Lease Structure Key To Liquidity As Investors Maintain Data Centre Appetite
Considering exit strategies from the start and getting lease structures in place to attract core and hybrid capital are all essential as the global data centre market matures.
While power has become a hugely important element in development strategies, understanding how the investment market is evolving is just as crucial for companies seeking to invest in a sector where individual assets are getting bigger and more expensive.
“These are capital-intensive businesses, and it's pushed us to think outside the box as to how we finance these businesses and how we continue to sustain the growth we want to achieve,” DigitalBridge principal Pascale Labrecque told an audience of more than 300 at Bisnow’s Data Centres Europe Conference.
“We have to create some diversification and find the right lenders for the right type of investments.”
Labrecque said hyperscaler leases are typically structured as very long-term contracts with escalators, the latter providing ongoing protection for investors, enabling long-term financing to be put in place.
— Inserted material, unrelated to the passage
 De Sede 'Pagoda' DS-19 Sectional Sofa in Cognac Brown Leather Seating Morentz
“If you want development risk, I think infrastructure investors are more comfortable, but some actually want yielding assets, and that allows you to tap into these more long-term vehicles of investment, as well as real estate investors,” Labrecque said.
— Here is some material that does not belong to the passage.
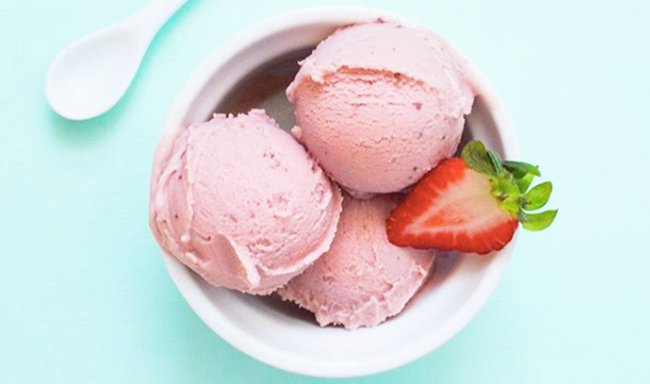 VegNews's tweet photo. #Toronto gets its first tiger-nut-milk ice cream shop. We're ready for a few icy-cold scoops! #canadian @TheChufaCo >> https://t.co/UNFJ4vB6Wl https://t.co/J0iBjY86yY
“The challenge we have is, we're spending quite some time to build new structures, and we learn from our mistakes, and we also get better as we try to listen to our investors. So how can we make this a more real estate-like investment pool?” she asked.
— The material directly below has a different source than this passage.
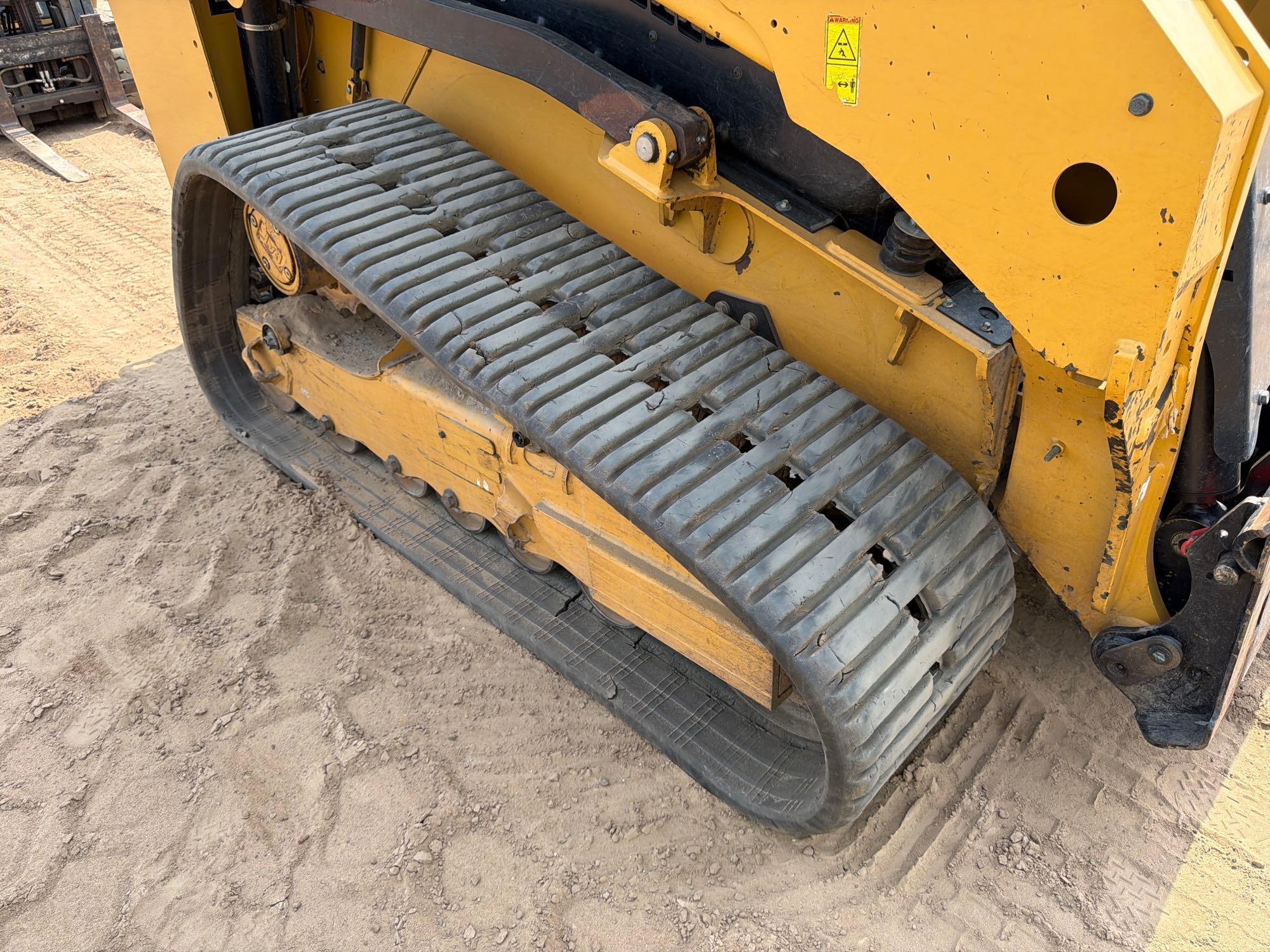 2025 Caterpillar 265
Reflecting that evolution in approaches, industrial and logistics REIT Segro has also developed and diversified its approach to data centres.
In March, it announced a £1B joint venture with Pure DC to build its first fully fitted data centre at Park Royal in London, a much bigger investment than it has previously undertaken in the sector.
“We are a long-term investor, but also we're not a stamp collector. We do actively recycle our assets as well,” said Andrew Pilsworth, Segro managing director, data centres and strategic partnerships. “So, it is really important for us to have a liquid and active market in stabilised assets as well.”
Looking at Segro’s locations, Pilsworth said that if a site met demand, planning and power requirements, then the task became to find the right way to develop out and add value to that portfolio.
“In the more established Tier 1 markets, we're more likely to have options as to how we deploy capital and our value, but we're more likely to go for the higher-intensity, -reward and -risk ways of deploying that capital in those higher-quality markets,” he said.
On the question of prime versus secondary locations, DigitalBridge still favoured Europe's Tier 1 markets, Labrecque said.
“Power can be attractive in terms of the next place we're looking at, and it's true, Zaragoza, Madrid, Milan or the Nordics are all places that we are actively looking into growing our portfolios,” she said.
“The difference I would make, though, is that if you tell me I want to build 2 gigawatts in Wisconsin or Norway, for us, this is a different type of risk than if you're building in Madrid or if you're building in London. I do think, to some extent, latency still matters for us and location still matters.”